Saulo’s clemency petition was supported by the victim’s family, his sentencing judge and others, but Republican Gov. Rick Snyder rejected the clemency request without explanation.
In 1996, Saulo drove two 15-year-old friends to a convenience store in Grand Rapids, Mich. Robert Maze and Christopher Peltier went inside. Maze shot and killed 61-year-old Rodney Corp. Peltier took the money from the cash register. Maze and Peltier were sentenced — and are still serving — life without parole, as is Saulo.
Michigan law makes no distinction between teens 14 and older and adults involved in serious crime, nor does it make a distinction between the role played in the offense.
In prison, Saulo has married his middle school sweetheart, started a ministry and recorded impeccable prison behavior.

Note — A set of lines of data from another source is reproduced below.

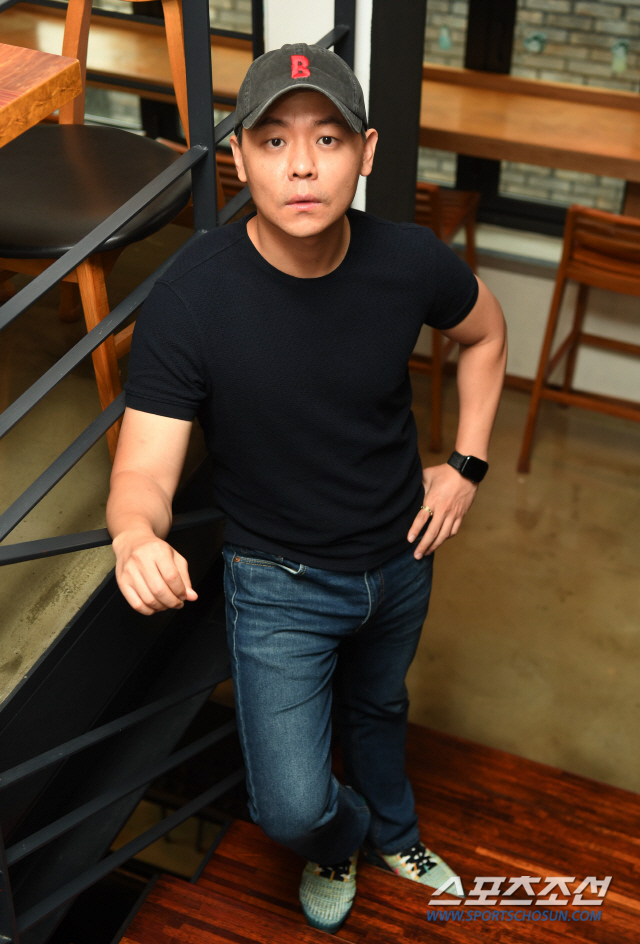 Kim Joo-hwan, 38, predicted a sequel to Youth Police and the new film The Lion, which had been successful in the box office.Director Kim Joo-hwan, who directed the mystery action film The Lion (produced by Keith).He met with Samcheong-dong, Jongno-gu, Seoul on the morning of the 31st and announced the intention and behind-the-scenes episode of Lion.In the summer of 2017, he was the weakest actor in a theater full of blockbuster LLC at home and abroad, but he was the director of Youth Police, which attracted a whopping 5.65 million viewers with a story and directing that delightfully captures the passion and passion of the youthful youth.After the Youth Police, the third directing film, Lion, is returning to the screen in two years and is receiving much attention.Director Kim Joo-hwan has made an easy challenge by choosing the occult action genre that depicts the story of a martial arts champion and a Kuma priest meeting against evil, not a long-term youth comedy.The Lion, which is a combination of new exorcism material, bold genre variations, intense fantasy and action in Korean movies, is ranked as Koreas Constantine (05, director Francis Lawrence), followed by this summers theater, the tent pole market, Naratmalsami (director Cho Chul-hyun), and Exit (director Lee Sang-geun) as the second runner today (31st) Im meeting him.Above all, director Kim Joo-hwans lion attracts attention once again with Park Seo-joon, who has been breathing with youth police.Here, Actor Ahn Sung-ki and Blue Chip Udo Hwan are added, so it is expected to capture the summer theater with Koreas Ocult Blockbuster LLC, which has received much attention from the production stage.On this day, director Kim Joo-hwan announced a follow-up plan for Lion. Director Kim Joo-hwan, who predicted the priest of Lion in the cookie video, said, Currently, the sequel to LionOf course, it is necessary to revise many lines according to the popularity of this work and the evaluation of the audience.As a result, the score of the lion is likely to decide whether to produce a sequel.  No one thinks that lion is a mega hit that will exceed 10 million viewers.However, I believe that many audiences will know what we want to continue through lion.It is the first time that this movie has been popular and continues to meet the audience for 10 years after the series of Lion.In the process, the lion series will continue to evolve and the technology will develop. In addition to lion, the follow-up to the previous work Youth Police is also receiving much attention.Kim Joo-hwan said, Honestly, after the Youth Police, I talked to the actors about Middle-aged Police as a sequel.Does not Park Seo-joon now have more Feelings as an adult than Feelings as a young man?Park Seo-joon and the river sky have changed their positions to play Youth Police. I am also middle-aged, and I wonder if I can talk about young people.My interests and actors are changing, and the follow-up to the Youth Police is actually unlikely to be made right now. Of course, I would like to try again someday. Now, the follow-up of lion seems to be more of a concern than the follow-up of youth police.The process of co-ordinating with the people of Park Seo-joon and Choi Woo-shik, who will be expected to change the period of Yonghu and become the protagonics (a person who is the center of events in drama, film, and novels, or a central or leading role in any work), will be interesting.Yonghu is a man of power, and the latest is a pacifist, and Im already looking forward to the synergies that will be created if they come together to punish evil.The drama that comes out when the emotional and delicate, delicate Actor called Choi Woo-shik and the Acting of Actors with a great and intense attraction called Park Seo-joon hit, is a writer and I am so curious as a director.I hope that lion will be a good starting point and lead to follow-up. The Lion is a film about a martial arts champion meeting a priest in Kuma and confronting a powerful evil () that has confused the world.Park Seo-joon, Ahn Sung-ki, Udohwan, etc., and director Kim Joo-hwan of Youth Police caught megaphones. It will be released today (31st).
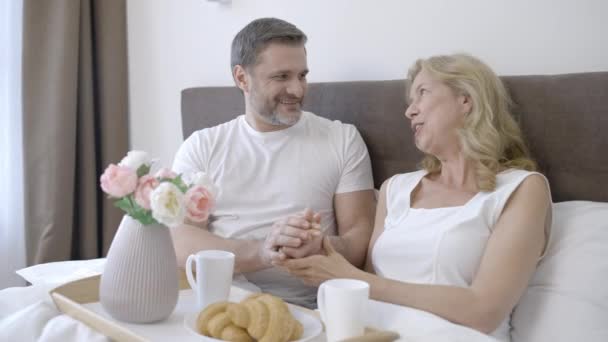 Cuidar Homem Seus Anos Conversando Com Esposa Amorosa Durante Café — Vídeo de Stock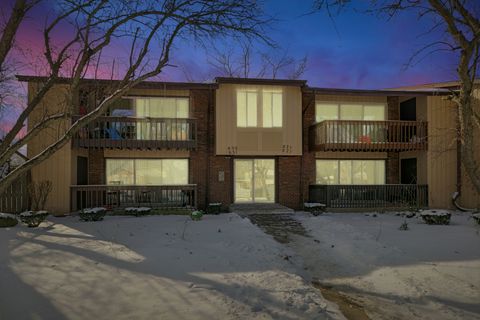 Photo of 827 E 194th Street #827, Glenwood, IL 60425 (MLS # 12612890)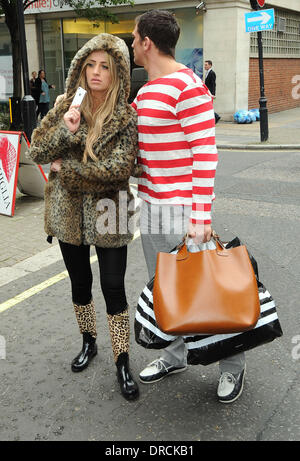 chantelle-houghton-and-alex-reid-leaving-their-hotel-on-route-to-reid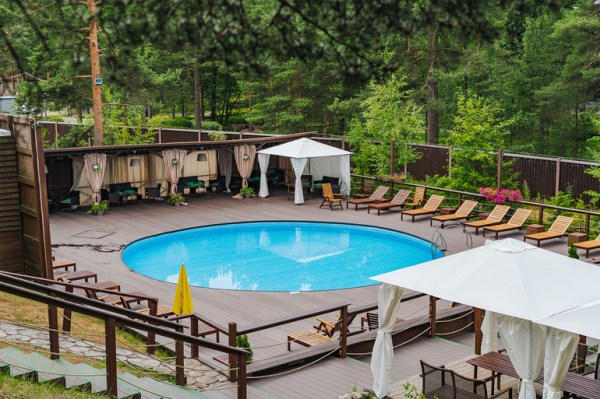 бар-бассейн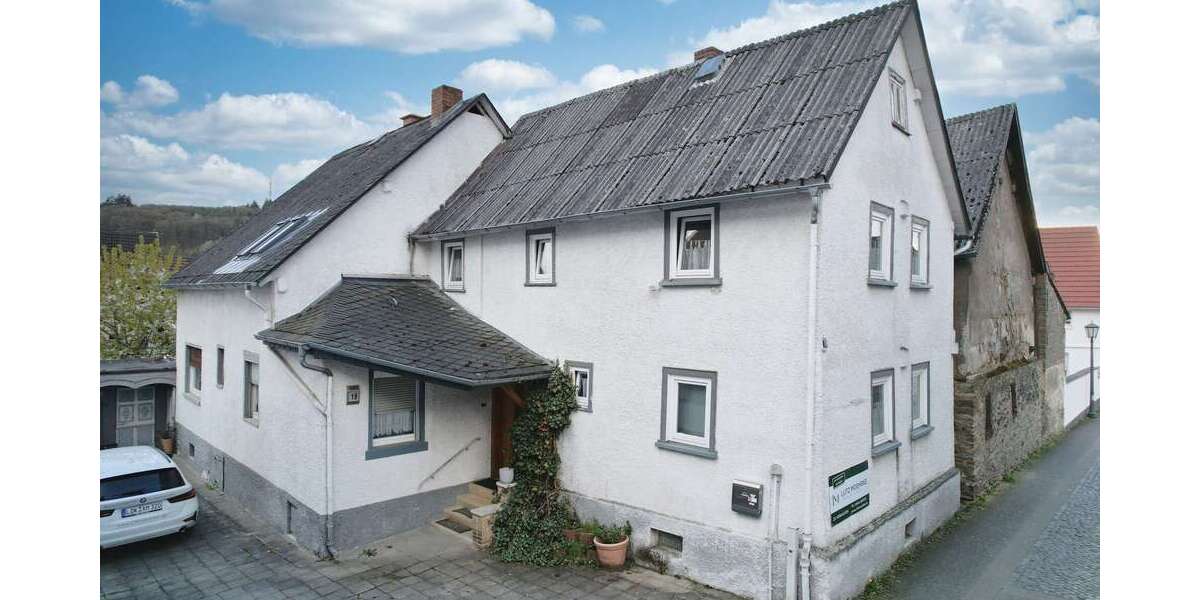 Einfamilienhaus Aßlar - 8 Zimmer, 186 m&sup2;, 189.000&euro; | Angebot:26857602
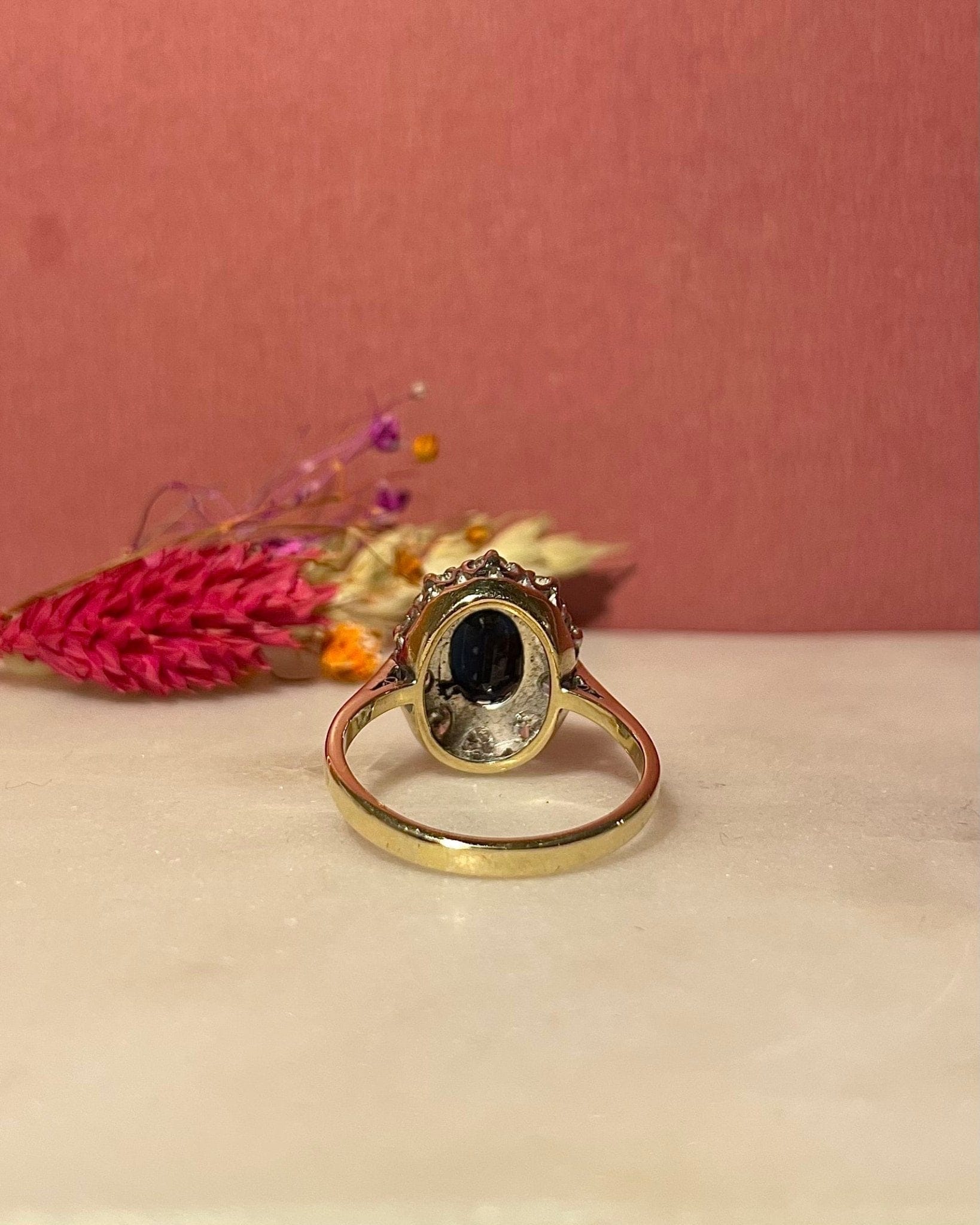 Bague Marguerite Art - Déco Saphir 3.30 Carats & Diamants "Kakis" - Elliade Paris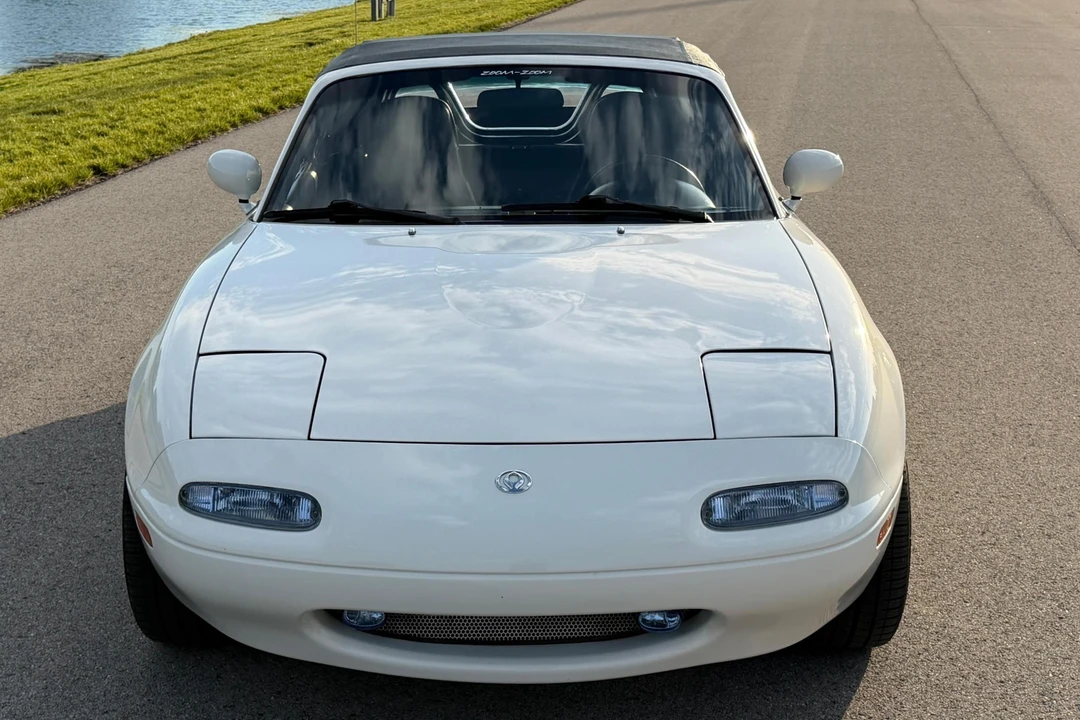 1995 Mazda NA MX-5 Miata - Image 2 of 31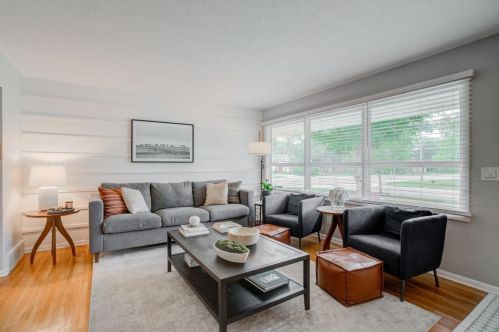 5555 Quail Ave, Minneapolis MN  55429-3254 exterior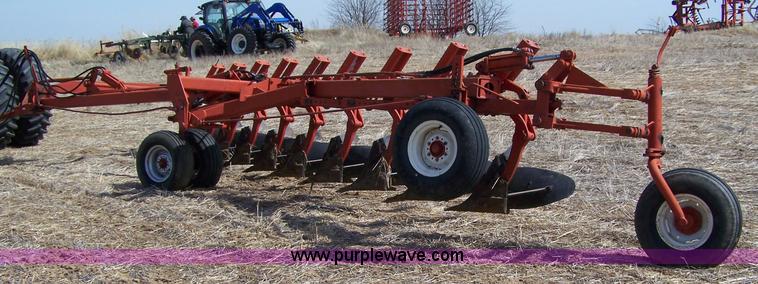 image for item 7324 Case nine bottom plow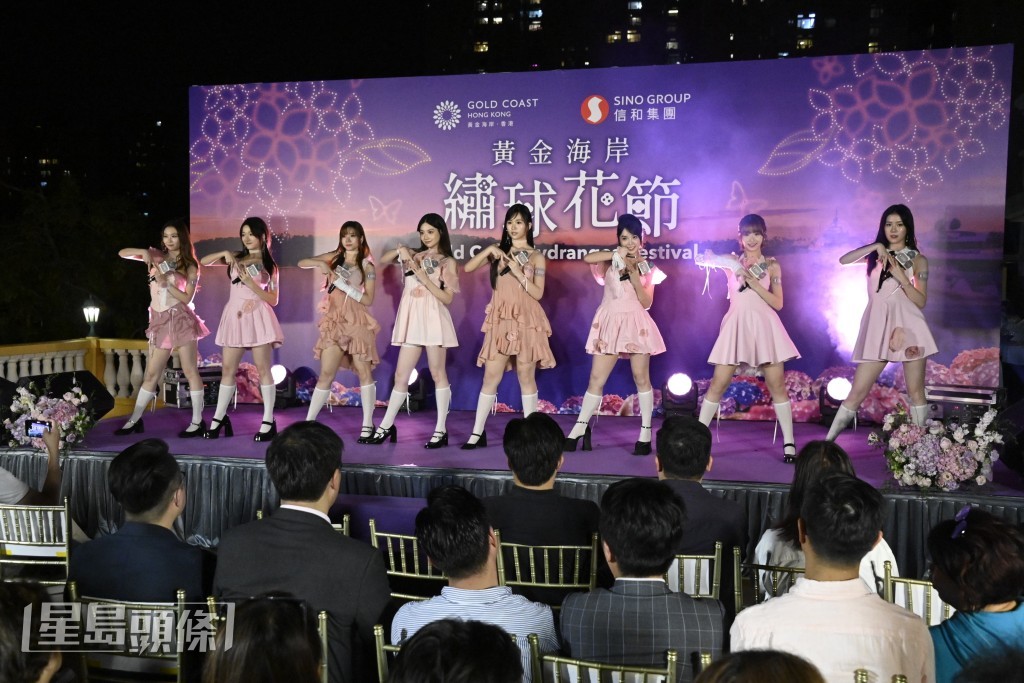 Sinnie指繡球花象徵友情和團結,有如Lolly Talk團結的想法。 Sinnie指繡球花象徵友情和團結,有如Lolly Talk團結的想法。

His case is an example of how elected officials, mostly Republican, refuse to treat criminal defendants with humanity, often refusing to comply with seemingly obvious interpretations of the law. As described in Detroit Free Press:
During Montalvo’s time in prison, the U.S. Supreme Court has ruled that mandatory life sentences without the possibility of parole constitute cruel and unusual punishment, but Michigan is one of a few states that has determined the ruling does not apply retroactively. State Attorney General Bill Schutte has steadfastly opposed applying the ruling to previous cases.
There is a case before the U.S. Supreme Court set to be heard in the fall that could clarify whether the justices meant for the Constitution to apply to all cases – not just the cases after they made their landmark decision in 2012.”